[[ Recorded data open ]]
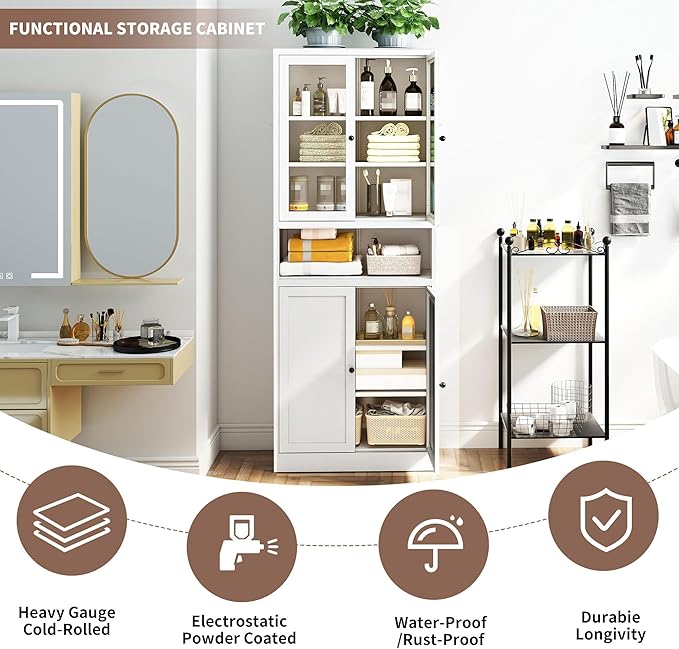 Kitchen Pantry Cabinet with Microwave Stand, 72" Tall Kitchen Hutch Storage Metal Pantry for Kitchen Dining Room Living Room Bathroom,Assembly Required (White)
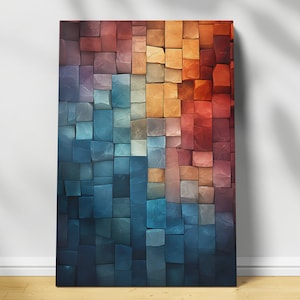 Abstract Mosaic Canvas Art Abstract Home Decor Colorful Wall Art Modern Abstract Decor Simple Living Room Art Housewarming Decor Gift Idea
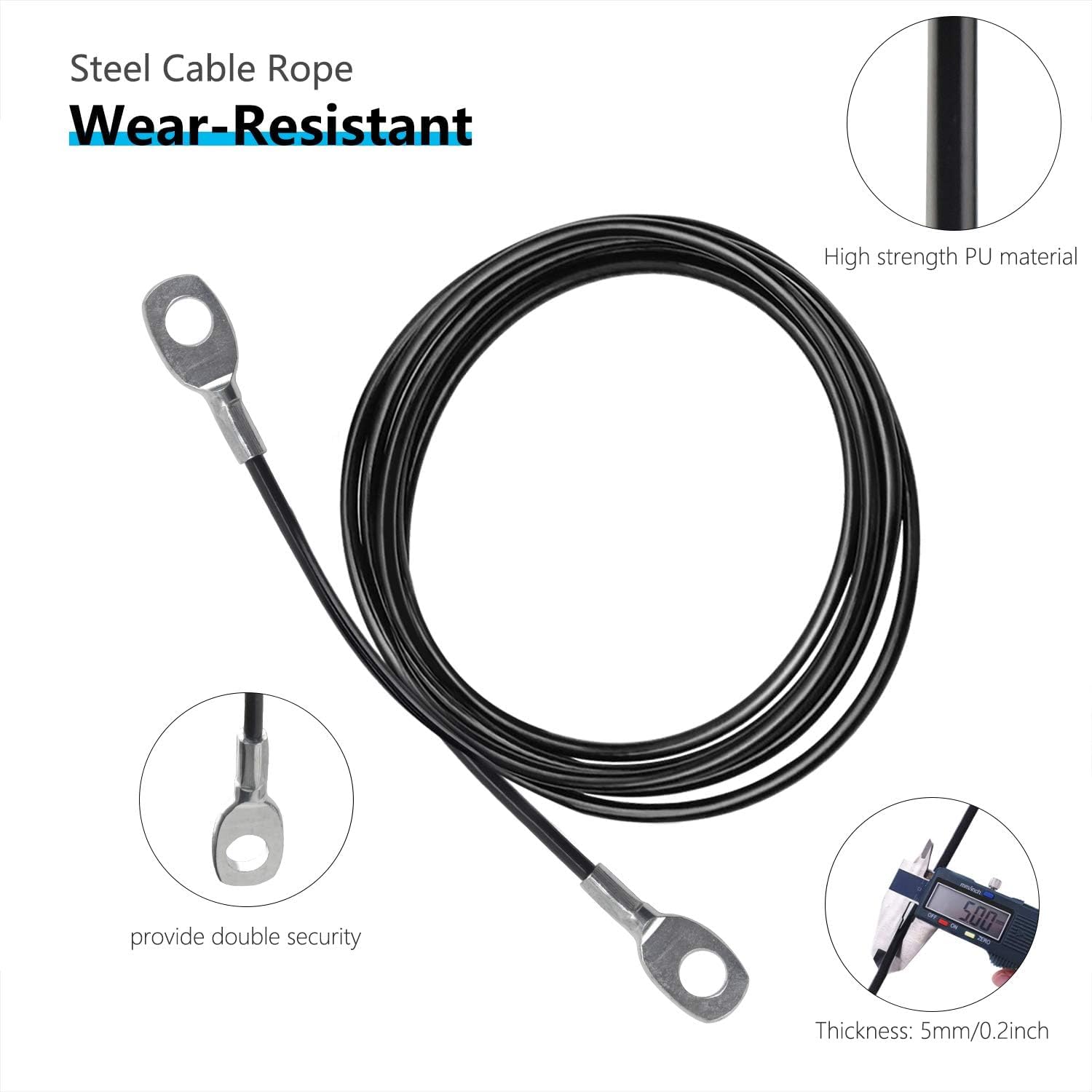 Câble en Acier pour Poulie Musculation, Système de Tirage Résistant pour Home Gym, Accessoire Machine de Musculation pour Entraînement Dos et Triceps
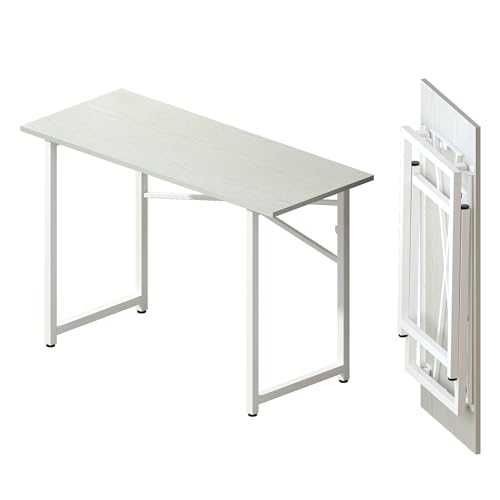 Lutown-Teen Folding Desk 47 inch No Assembly Required, White | Home Office Table for Small Spaces, Writing Gaming Computer Camping Desk - color: White, size: 47 Inch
[[ Recorded data closed ]]
What the task requires: Pictures stay out of this copy. Retype exactly the lines from the one with "Câble en Acier" through the last line of the data, both ends included, and nothing more.

Exercise result:
 Câble en Acier pour Poulie Musculation, Système de Tirage Résistant pour Home Gym, Accessoire Machine de Musculation pour Entraînement Dos et Triceps
 Lutown-Teen Folding Desk 47 inch No Assembly Required, White | Home Office Table for Small Spaces, Writing Gaming Computer Camping Desk - color: White, size: 47 Inch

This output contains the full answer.